The "Black Helicopter Caucus"
Of all the images House members invoke during floor debates, one of the most vivid is the specter of United Nations black helicopters looming on the horizon, poised to overrun U.S. soil as the agents of some shadowy New World Order internationalist regime. This week, as the House debated a bill to require congressional approval before U.S. sites are designated as Biosphere Reserves or World Heritage sites by the U.N., the sound of hovering helicopters echoed throughout the chamber as members invoked them to both dismiss supporters of the bill or head off its critics.
No less than House Resources Chairman Young opened the debate by saying, "We are going to hear a lot today that this is a fear tactic to worry about black helicopters ..." Rep. Bruce Vento, D- Minn., who spoke first among the bill's opponents, charged, "The proponents of this legislation claim that a proposed mine next to Yellowstone National Park ... was halted by environmental forces in black helicopters." Rep. Nick Rahall, D-W.Va., later declared sarcastically, "The black helicopters are, indeed, circling over our lands. They are out there circling as we speak." And Rep. Nancy Pelosi, D-Calif., defended the U.N. programs, saying, "There are no black helicopters; there are no U.N. troops and there is no global takeover."
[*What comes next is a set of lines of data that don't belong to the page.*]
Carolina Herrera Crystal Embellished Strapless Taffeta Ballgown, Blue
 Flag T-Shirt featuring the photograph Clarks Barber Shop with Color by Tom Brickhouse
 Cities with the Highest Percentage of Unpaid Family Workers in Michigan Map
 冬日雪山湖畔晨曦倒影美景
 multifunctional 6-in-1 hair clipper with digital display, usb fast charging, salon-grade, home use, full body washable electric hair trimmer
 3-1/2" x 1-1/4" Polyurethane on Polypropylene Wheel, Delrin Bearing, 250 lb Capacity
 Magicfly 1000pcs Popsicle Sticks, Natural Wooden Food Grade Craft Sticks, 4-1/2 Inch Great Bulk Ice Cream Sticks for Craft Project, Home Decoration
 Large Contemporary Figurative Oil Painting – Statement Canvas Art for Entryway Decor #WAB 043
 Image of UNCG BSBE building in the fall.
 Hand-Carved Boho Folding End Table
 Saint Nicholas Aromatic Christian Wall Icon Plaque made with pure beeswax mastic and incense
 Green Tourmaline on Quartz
But Rep. Helen Chenoweth, R-Idaho, the bill's author, refused to humor the Democrats - who mentioned black helicopters far more during the debate than the conservative Republicans who supposedly believe in them. Chenoweth only pointed out that "there is not one word in this simple little piece of legislation that talks about black helicopters."
Fairly or not, some conservatives have been tagged as belonging to a "Black Helicopter Caucus" because of their views and positions.
Said one member, "There is a group - and I do vote with them on occasion - that obviously sees a government conspiracy in everything. Which is an oxymoron, since these people are in the government." The member added that he once walked up to "a group of them and asked them 'What's the black helicopter vote on this?' the way you would ask 'What's the NEA vote on this?' or 'What's the farm vote on this?' - and they laughed."
Rep. Richard Pombo, R-Calif., a property rights defender some might include in the group, said, "I find it kind of hilarious. It doesn't bother me. I've heard it on the floor" in reference to some members. Chenoweth said when critics invoke black helicopters, she said, "It always tells me they've lost the argument."